The Showcase was at Salisbury School and Shanks was not considered a high profile player at that time. After watching him on Sunday, I came away impressed with his drive. He was a sophomore at Brewster Academy and it was obvious he intended to get the attention of coaches. He scored three goals in his first game of the day. He was fast, agile and always around the net.
Looking back at my notes from that day, I jotted down an overheard comment from a coach calling Shanks a special player. The most impressive of his three goals, was his second. He came from the X, curled around the net, sprawled out, almost horizontal from the ground, to wrap his stick around the goal and put it on the far side.

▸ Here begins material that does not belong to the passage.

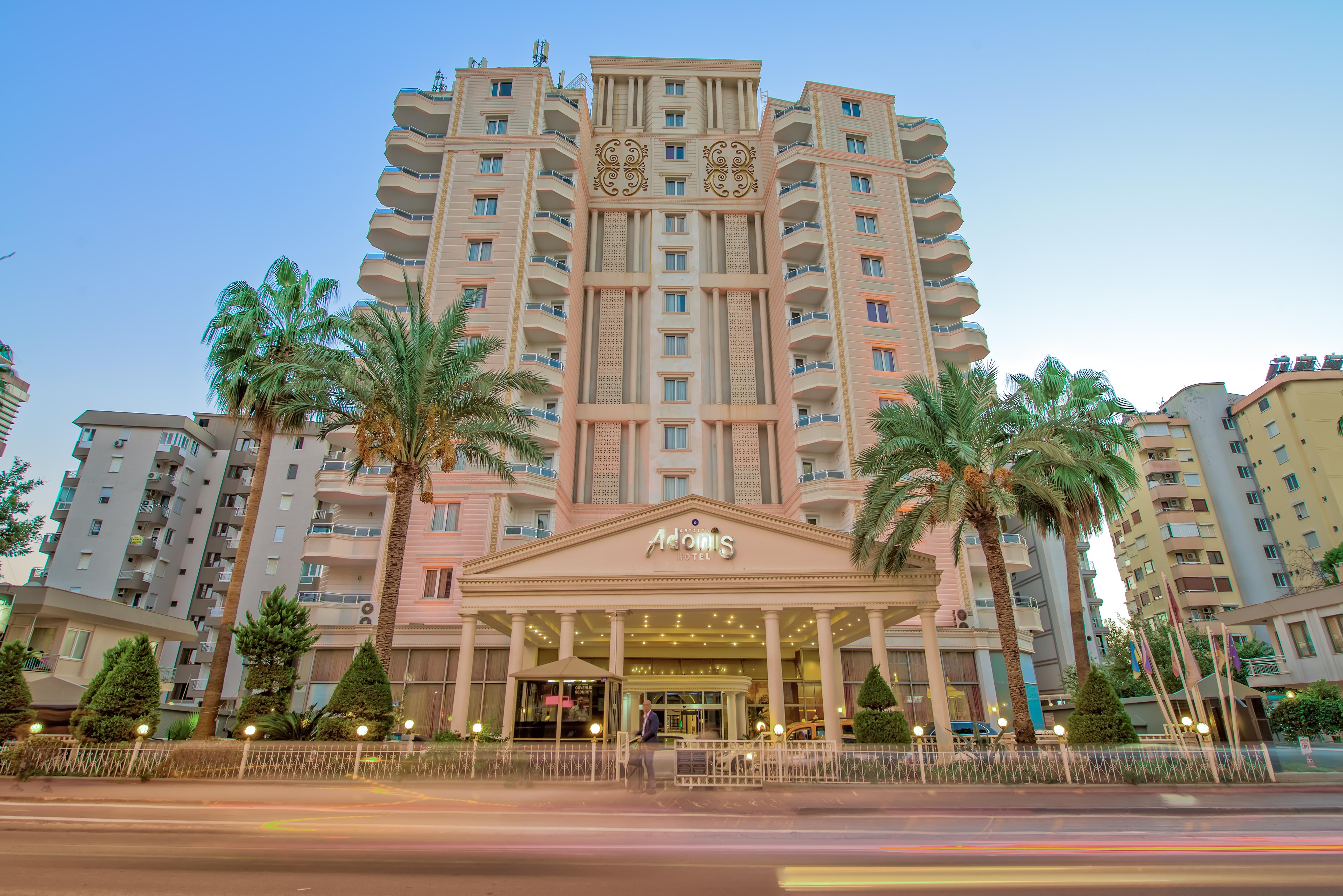 Adonis Hotel Antalia Esterno foto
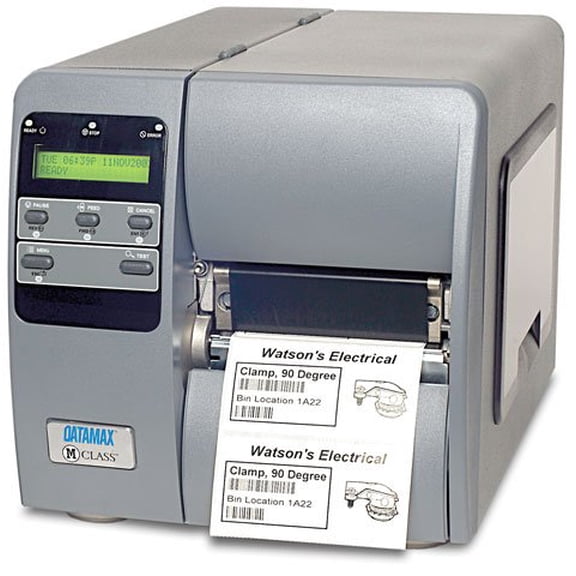 Restored Datamax M-4308 Mark II (KA3-00-48000007) Industrial Direct Thermal/Thermal Transfer Printer 300 dpi, 8 ips, SER/PAR/USB (Refurbished)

I lobbied for Peace to place Shanks among ESPNHS’ top players after that day, but Tom’s a stickler and had to see for himself. He eventually made the list of Top 50 juniors at ESPNHS.
Lyle Thompson, Salmon River (Fort Covington, N.Y.), Albany
The first thing I remember about landing in Boston for the 2010 Warrior 40 was one of our event staff members telling me Thompson missed his flight. They were panicked and I was never clear if he actually missed it or almost missed it. Regardless, he made it to Boston and was simply smooth.
He might have been one of the quietest players there. He was reserved around the staff, but his play over the course of three days spoke volumes.
During the first day, the Warrior 40 staff held a trick shot contest. It was up to the players to decide what they wanted to do. Thompson was among the final players to go. Most players tried flips or to leap other players, behind-the-back shots. Thompson disappeared from the field entirely. When his name was called, all of us looked around the field and didn’t see him. Until he yelled from the stands of Harvard Stadium.
He walked about halfway up the stands of the bowl and was holding his stick. The shot attempt must have been 200 yards, at least. He missed the first couple, but everyone in the stadium wanted to see him make it, so players kept tossing him balls. I lost count how many attempts he made, but when that final shot went it, there was no doubt who the winner was.
Carl Walrath, Haverford School (Haverford, Pa.), Virginia/Notre Dame
Walrath was part of a team that earned my No. 1 ranking in the ESPNHS Powerade FAB 50 after the Fords went 23-0. Walrath lives in my memory for the last 36 seconds of his high school lacrosse career. He scored the final two goals to propel Haverford School to a 5-4 victory over Malvern Prep (Malvern, Pa.) at Cabrini College to win the Inter-Ac Invitational championship, a game that ranks as the No. 33 Greatest Game of all-time (so far).
As a reporter, I’m generally unbiased when it comes to game outcomes. As a fan, I like to see an upset. But on that day, I came out to see the team that had been my preseason No. 1 clinch the title and take home the trophy (literally, Powerade gave us money to give all our No. 1s a trophy). As the clock ticked to under a minute, and Haverford School down by one, I felt sweat droplets bead on my forehead as I was trying to figure out what to do with my No. 1 team if the Fords lost. They had the best schedule, by far. I was debating it with my friend who ran the national soccer site for ESPN.
Walrath made it a moot point. He made two plays that stand out. With 36.9 seconds left to play, Walrath got a shot past Malvern’s sophomore goaltender Matt Barrett to tie the game. On the ensuing faceoff, Haverford’s Joe McCallion lost the draw over Drew Kennedy, but was able to cause the loose ball. Walrath picked up the ball, ran down the field and put the ball in the back of the net to get the score and the win. The crowd of 1,200 people went wild and it’s still one of the more exciting games I’ve seen. He finished the year with 40 assists and 28 goals, but it was those final two goals that made the memory.